Notre agent à la Havane

Dans le Cuba pré-révolutionnaire, un modeste marchand d’aspirateurs, Jim Wormold, est recruté presque malgré lui par les services secrets britanniques. Homme paisible et effacé, nanti d’une fille aussi catholique que dépensière, sur laquelle il a reporté toute son affection depuis que sa femme l’a quitté, Wormold voit là surtout l’occasion d’arrondir ses fins de mois. Et comme il n’a aucune prédisposition pour l’espionnage, il s’invente un réseau d’informateurs imaginaires et transmet à Londres des renseignements de pure fantaisie - y compris les diagrammes d’un aspirateur qu’il fait passer pour les plans d’une installation militaire (moment sublime). Cependant, Wormold est bientôt dépassé par sa supercherie, qui l’oblige à une perpétuelle fuite en avant. Ses affabulations trouvent de surprenantes correspondances dans la réalité, et les conséquences en seront dramatiques.

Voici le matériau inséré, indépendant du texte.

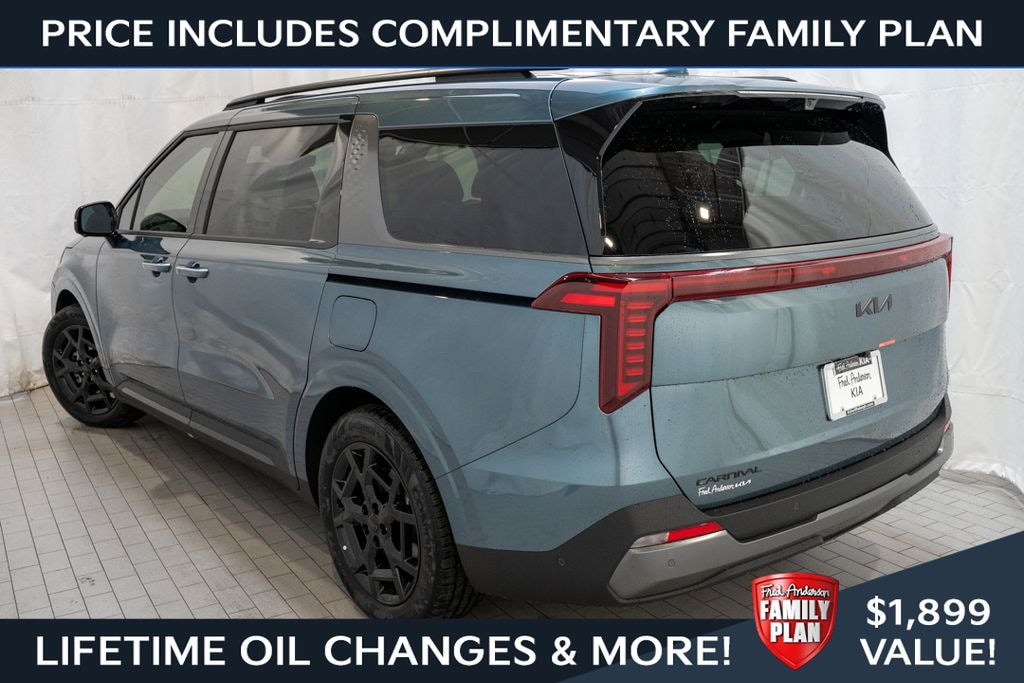 New 2026 Kia Carnival SX Prestige Van Passenger Van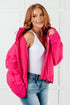 Warm Regards Puffer Jacket - LISA MARIE BOUTIQUE - Layers - Small -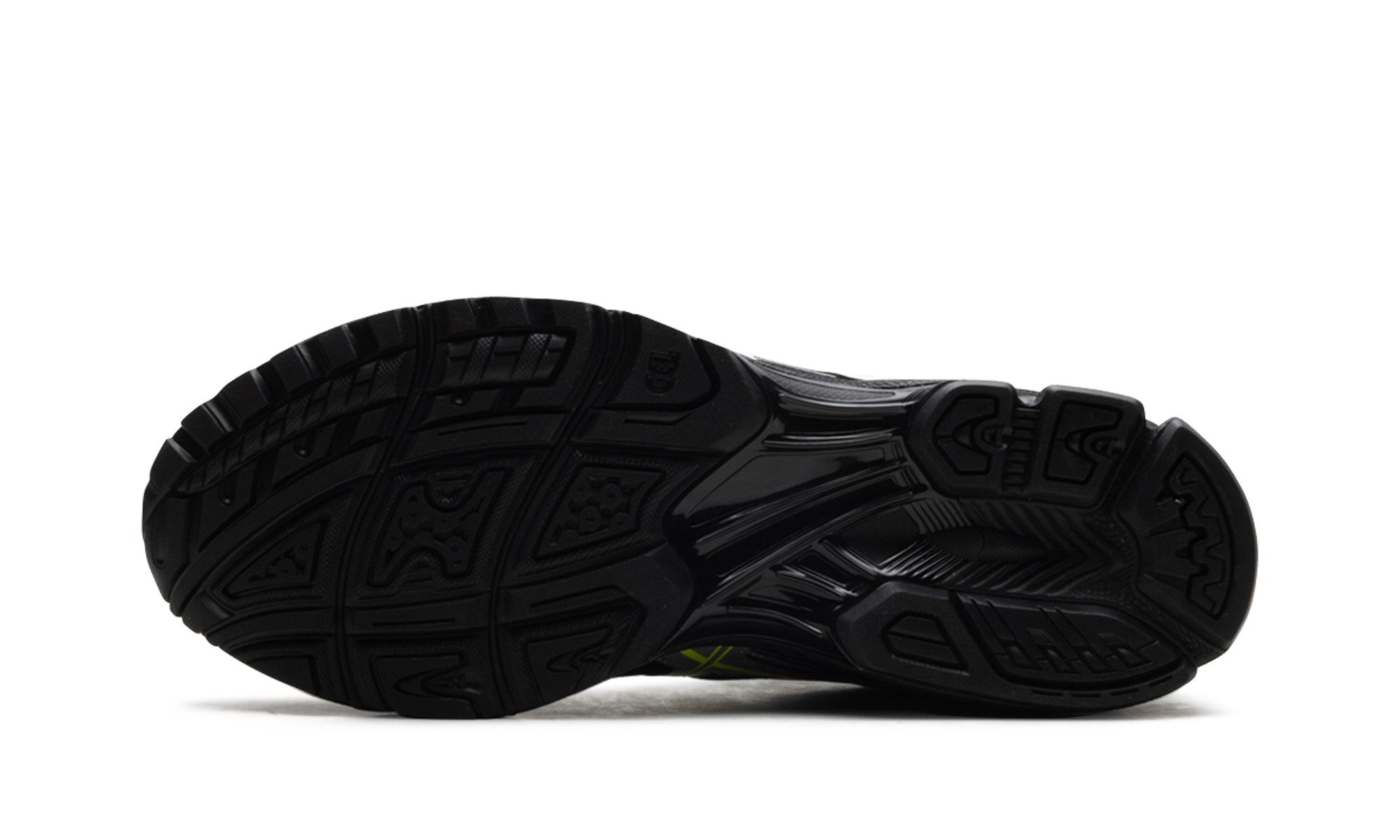 Asics Gel Nimbus 10.1 Kith - Black Pure Silver 1203A844 001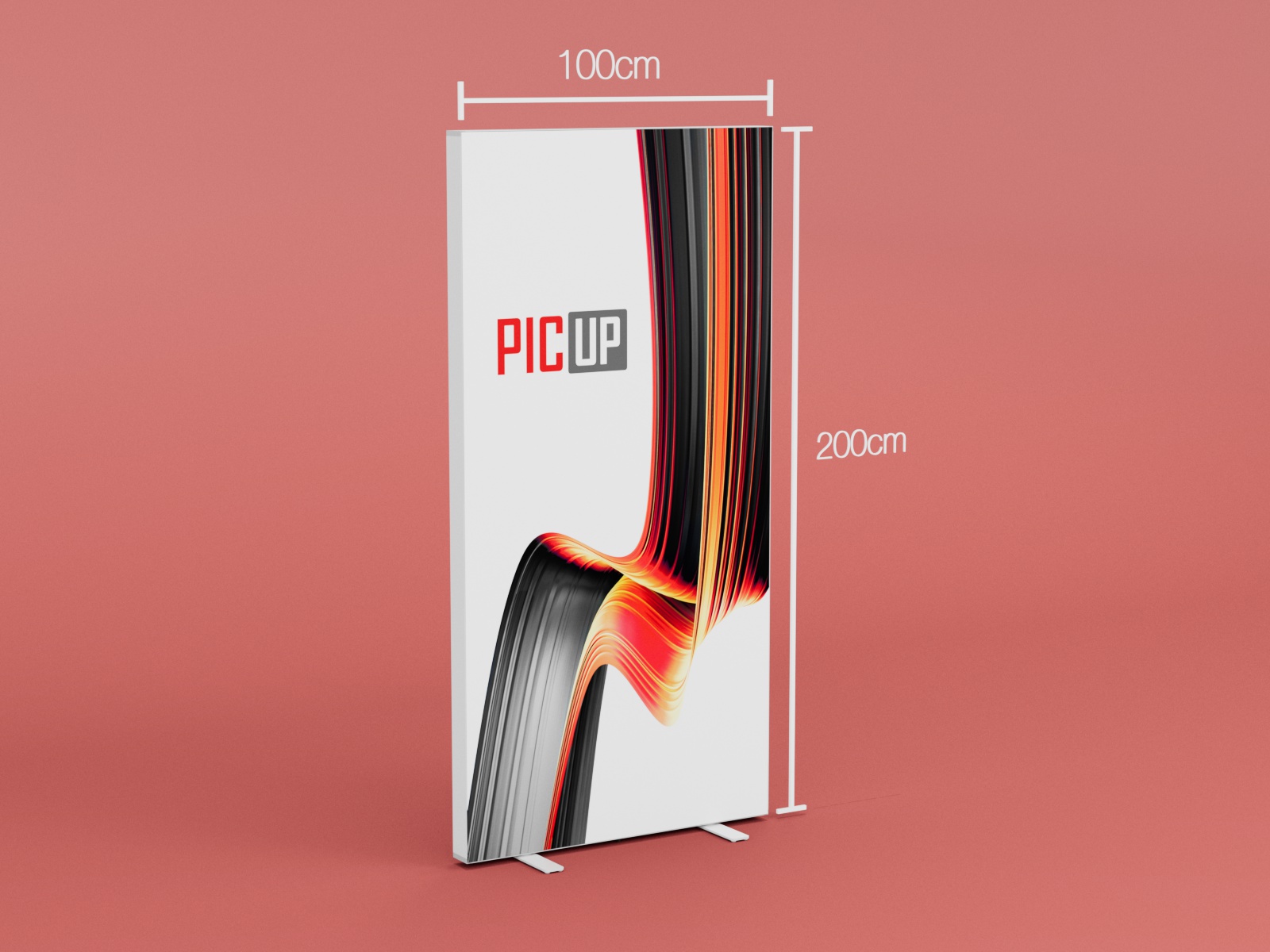 PicUp  - Gesamtsystem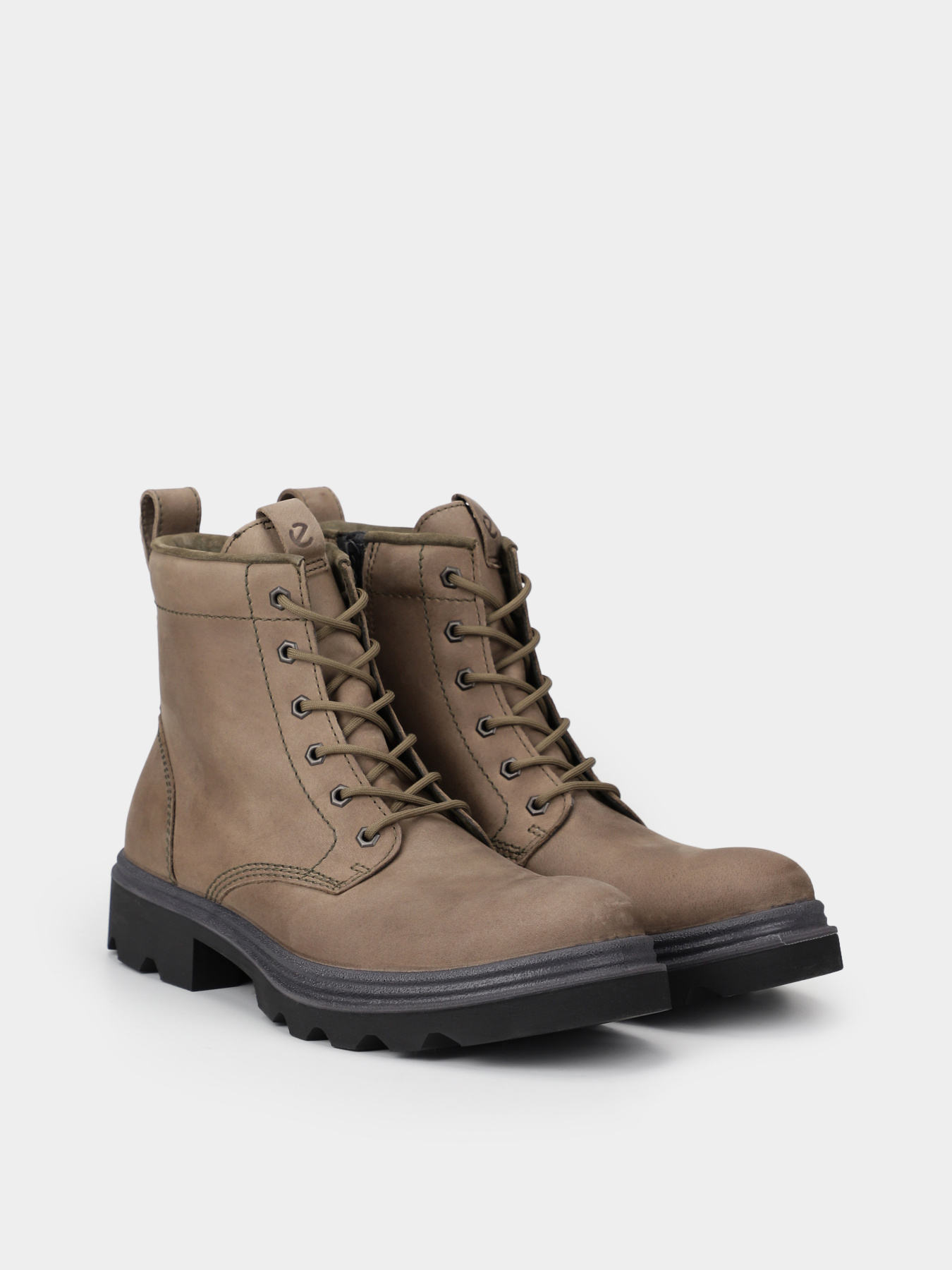 Ботинки ECCO Grainer модель 21472402543 Ботинки ECCO Grainer модель 21472402543 Фото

En 250 pages alertes, Graham Greene imbrique magistralement une parodie irrésistible de récit d’espionnage et des moments de vrai suspense à un questionnement plus large sur le monde et la condition humaine. Le roman baigne dans une irréalité tour à tour euphorisante et inquiétante, qui restitue remarquablement le climat des années 1950, sur fond de guerre froide et de terreur atomique. Écrivain catholique ayant travaillé dans le renseignement durant la guerre, Greene est donc le mieux placé pour se moquer du catholicisme autant que des services secrets, qui fonctionnent comme n’importe quelle entreprise : l’obsession du cloisonnement se retourne contre elle-même, les grands chefs de Londres, totalement coupés des réalités, sont d’une extraordinaire incompétence et principalement occupés à se tirer dans les pattes ; et, comme dans toutes les compagnies, la meilleure façon de se débarrasser d’un incapable est de lui offrir une promotion. Utterly enjoyable.

P.-S. L’analogie entre espion et romancier, suggérée dans Ma vie dans la CIA d’Harry Mathews, figure déjà ici et donne lieu à de jolies pages.
John Le Carré, qui n’a jamais caché son admiration pour Greene, s’est manifestement inspiré de ce roman pour écrire le Tailleur de Panama.